Wir haben die verschiedenen Perspektiven zusammengetragen und dann im Team ­– gemeinsam mit den Kurator:innen der ethnogafischen Sammlungen – beschlossen, dass wir dieses Wort nicht mehr in unseren Ausstellungen benutzen wollen. Deshalb haben wir die Wörter überklebt. Ein zusätzlicher Text erklärt den Besucher:innen, warum wir als Institution diese Haltung einnehmen und zeigt alternative Bezeichnungen auf. Interessant war: Indem wir als Museum in dieser Frage eine klare Position einnehmen, bieten wir unseren Besucher:innen ebenfalls die Möglichkeit, sich zu positionieren. Auch wenn sie mit dieser Entscheidung vielleicht nicht einverstanden sind: Plötzlich entsteht Raum für eine Debatte.

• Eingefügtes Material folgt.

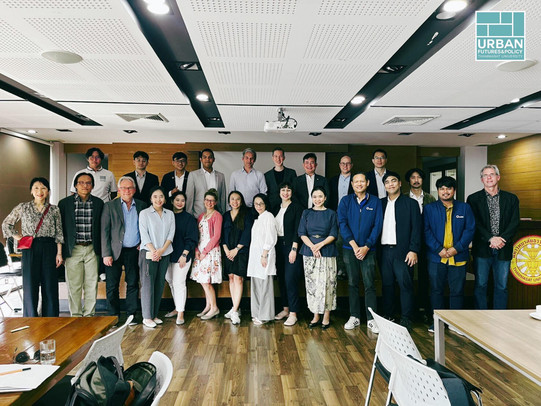 Teilnehmer des Bangkok Workshops an der Thammasat University. Teilnehmer des Bangkok Workshops an der Thammasat University.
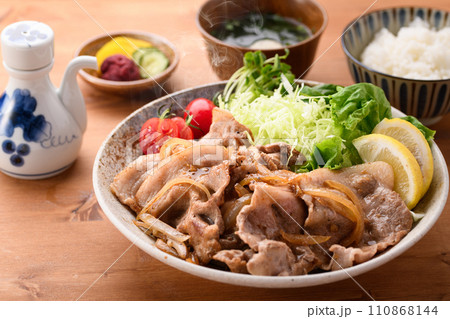 豚肉の生姜焼き定食 豚肉の生姜焼き定食 110868144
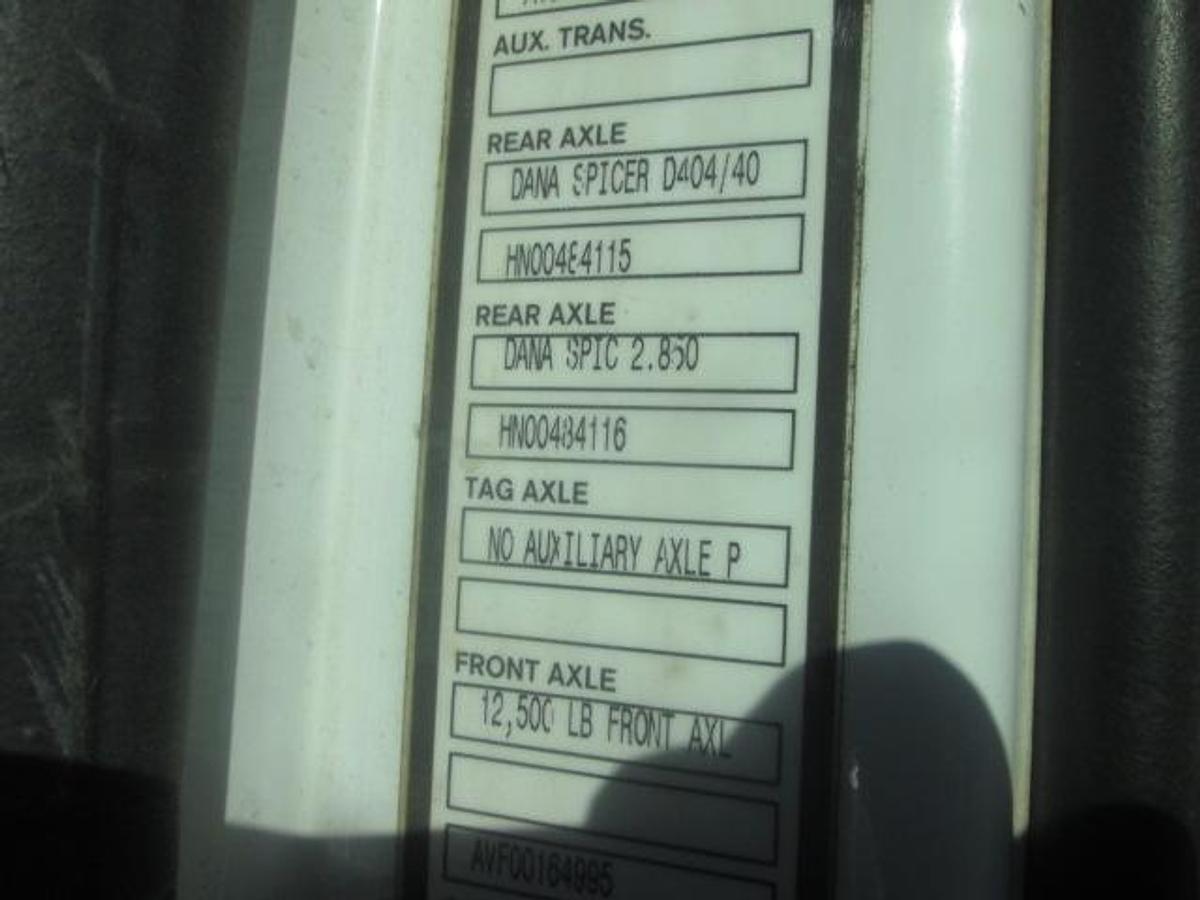 Used 2001 VOLVO VNL64T610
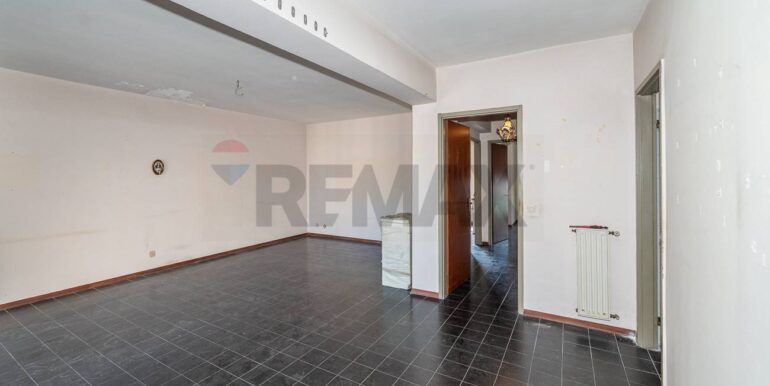 20251214185151-975587-13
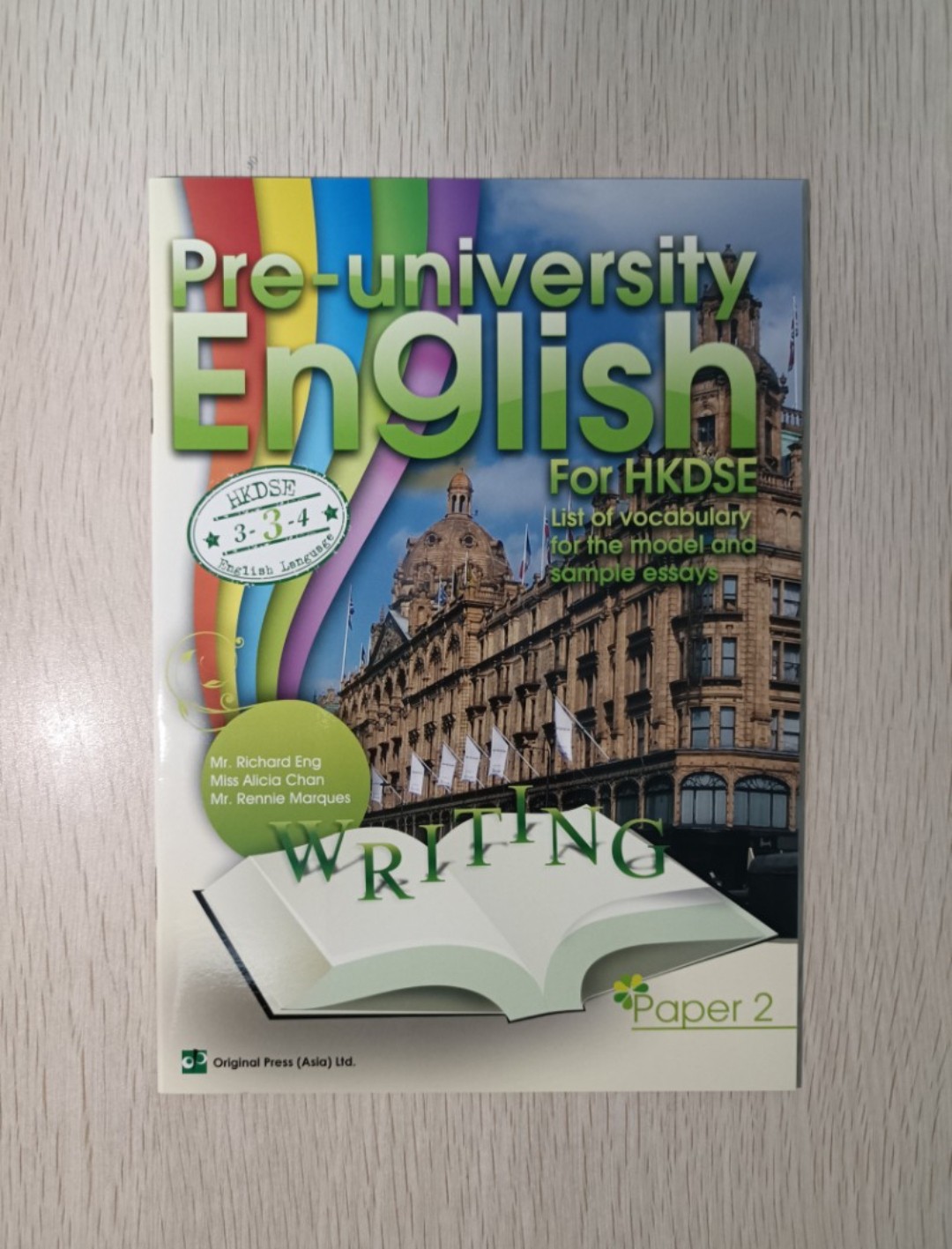 Pre-university English For HKDSE ( Writing ) ( Paper 2 ) & Pre-university English For HKDSE：List of vocabulary for the model and sample essays ( 合共 2 本 )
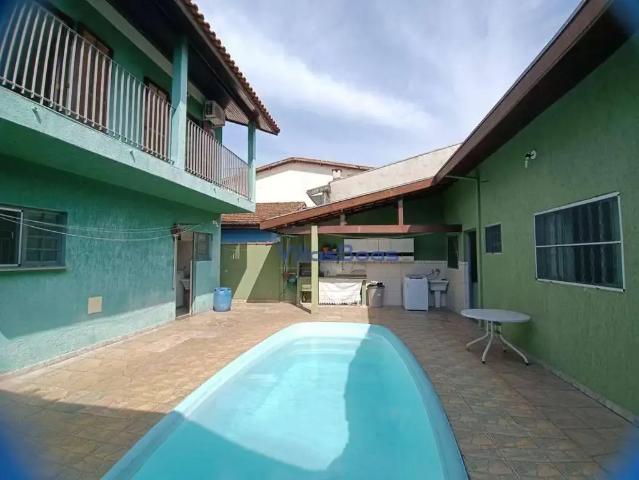 Casa / Sobrado para Venda em São José dos Campos/SP Jardim das Indústrias 3 Quartos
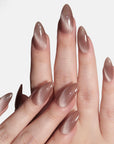Toffee Nude: Velvet Cat Eye Nails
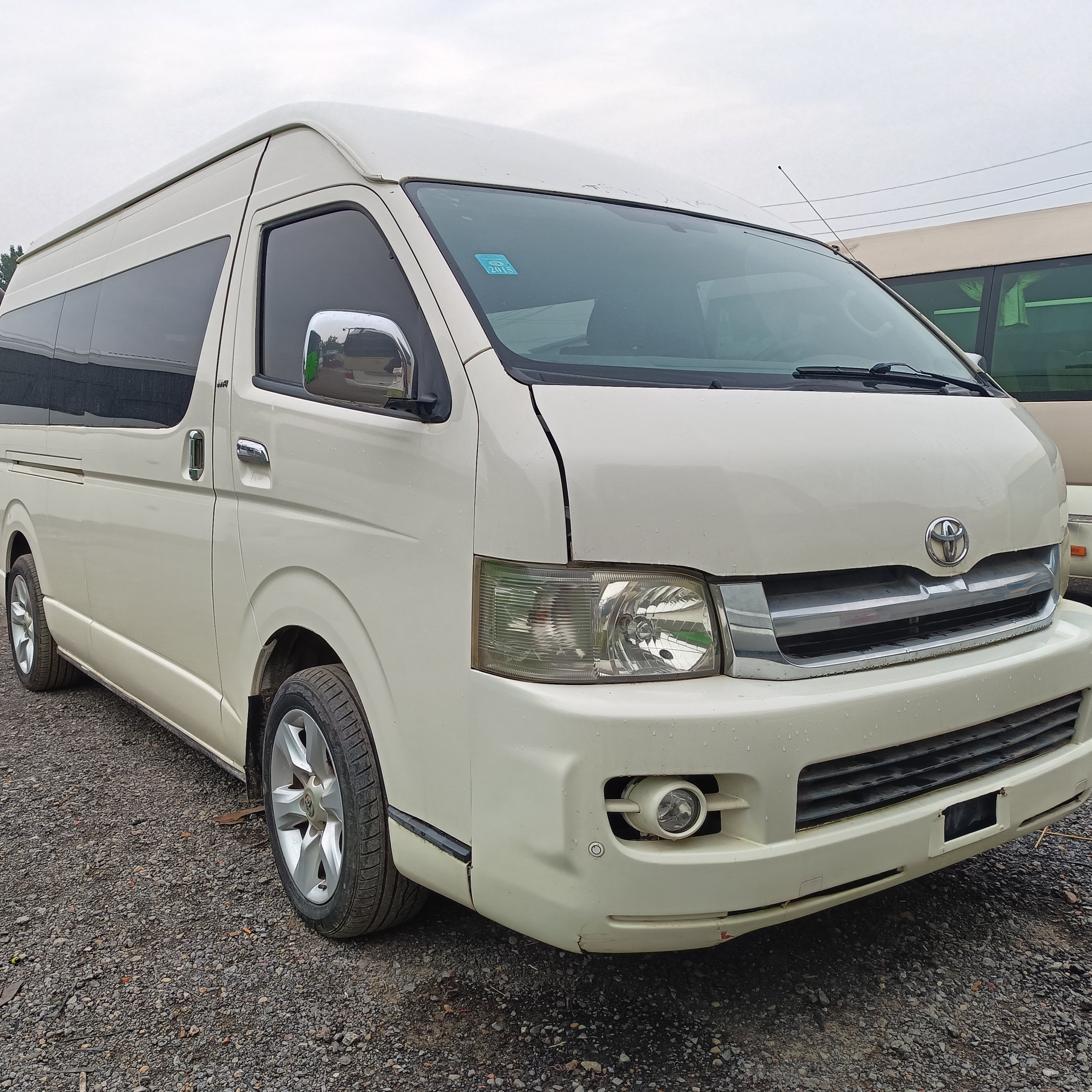 Hot Sale TOYOTA HIACE Euro 2 Emission 18-Seats Diesel Van From Yangzhou With 5990mm Length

Anna-Pierina Godenzi & Aline Minder

Wir sind Aline Minder und Anna-Pierina Godenzi und leiten zusammen das BHM LAB im Bernischen Historischen Museum. Das BHM LAB versteht sich als Probebühne, als Versuchslabor und als Resonanzraum. Es zeigt sich in Vermittlungsangeboten, Themenschwerpunkten und Arbeitsweisen. Und es geht um neue Wege in der Museumsarbeit: Im Museum wird für die Öffentlichkeit wahrnehmbar interveniert, Ausstellungen werden ohne Perfektionsanspruch verändert. Unser Ziel ist es, aus gängigen Museumsformaten auszubrechen und schneller darin zu werden, aktuelle Themen aufzugreifen. Das BHM LAB ist also zugleich eine Arbeitsweise und eine Haltung. Für die Jahre 2022 bis 2024 haben wir uns das Schwerpunktthema «Koloniale Verflechtungen und Rassismus» gesetzt, das aus vielen kleineren und grösseren Projekten besteht.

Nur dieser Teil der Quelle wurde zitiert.